■ WHAT THE TASK REQUIRES:
Without omitting anything, copy the data exactly.

(Stored records)

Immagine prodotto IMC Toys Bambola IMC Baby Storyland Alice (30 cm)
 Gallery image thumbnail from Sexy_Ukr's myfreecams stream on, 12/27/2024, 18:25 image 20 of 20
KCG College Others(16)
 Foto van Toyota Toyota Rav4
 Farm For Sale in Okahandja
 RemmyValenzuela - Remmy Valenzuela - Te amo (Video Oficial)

■ EXERCISE RESULT:
Immagine prodotto IMC Toys Bambola IMC Baby Storyland Alice (30 cm)
 Gallery image thumbnail from Sexy_Ukr's myfreecams stream on, 12/27/2024, 18:25 image 20 of 20
KCG College Others(16)
 Foto van Toyota Toyota Rav4
 Farm For Sale in Okahandja
 RemmyValenzuela - Remmy Valenzuela - Te amo (Video Oficial)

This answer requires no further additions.